INSTRUCTIONS TO FOLLOW:
Copy nothing but the lines from the line with "Victoria White Dress" to the end of the records, retyped exactly. Pictures stay out.
================
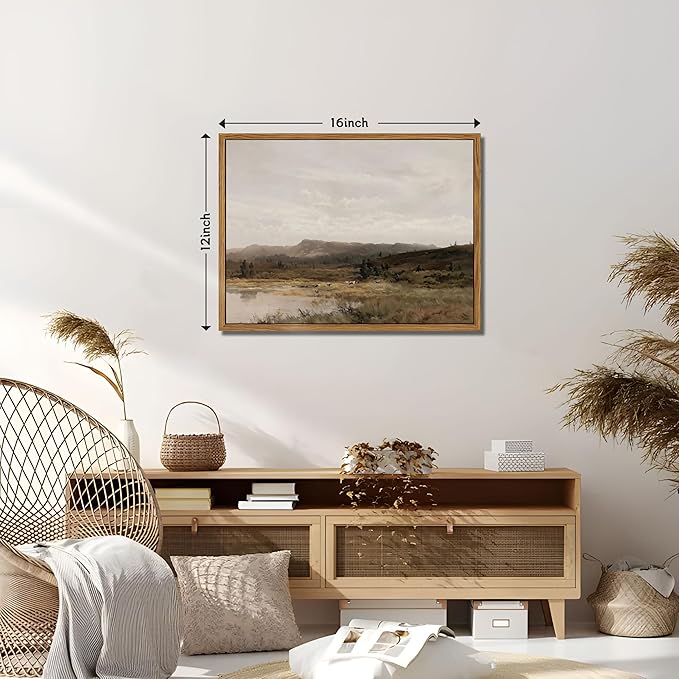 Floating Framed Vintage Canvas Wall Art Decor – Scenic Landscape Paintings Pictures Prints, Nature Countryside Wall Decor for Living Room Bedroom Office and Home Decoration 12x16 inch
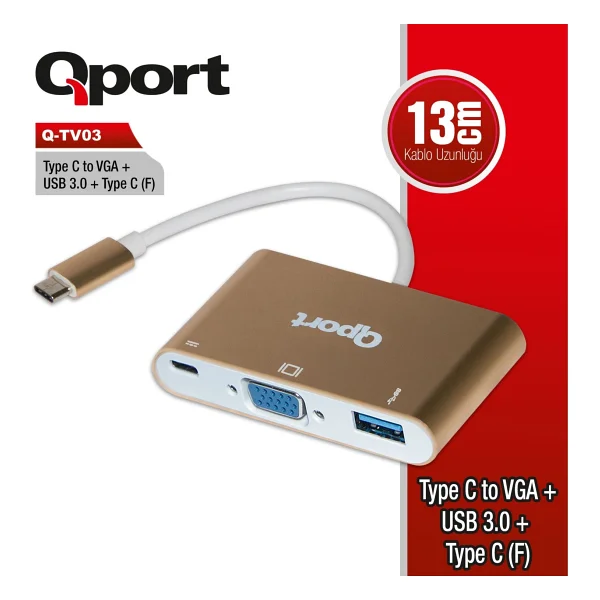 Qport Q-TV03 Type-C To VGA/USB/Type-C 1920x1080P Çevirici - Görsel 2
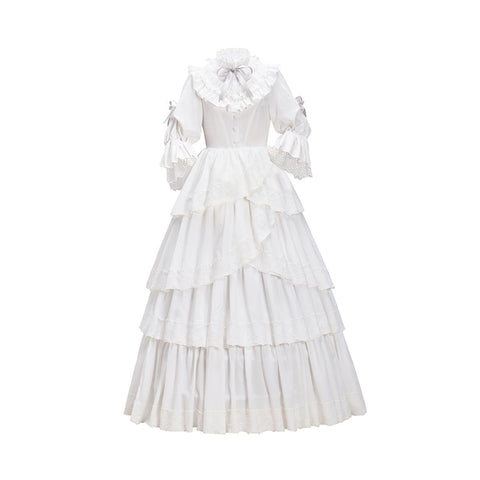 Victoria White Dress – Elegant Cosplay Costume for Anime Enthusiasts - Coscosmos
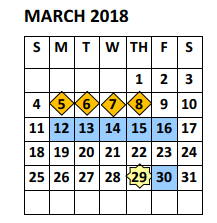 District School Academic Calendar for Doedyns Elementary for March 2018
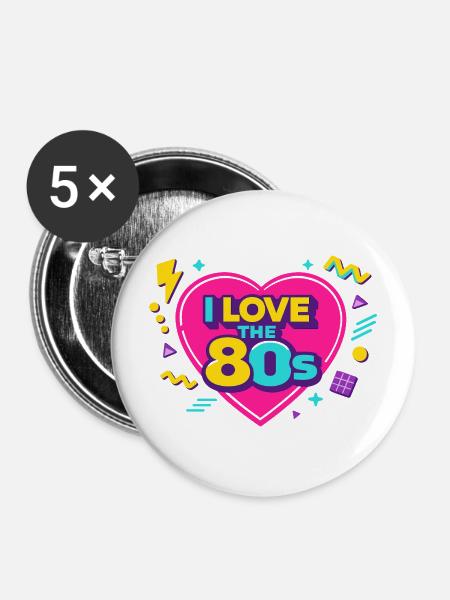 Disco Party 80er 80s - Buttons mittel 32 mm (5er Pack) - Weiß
================
WRITTEN ANSWER:
 Victoria White Dress – Elegant Cosplay Costume for Anime Enthusiasts - Coscosmos
 District School Academic Calendar for Doedyns Elementary for March 2018
 Disco Party 80er 80s - Buttons mittel 32 mm (5er Pack) - Weiß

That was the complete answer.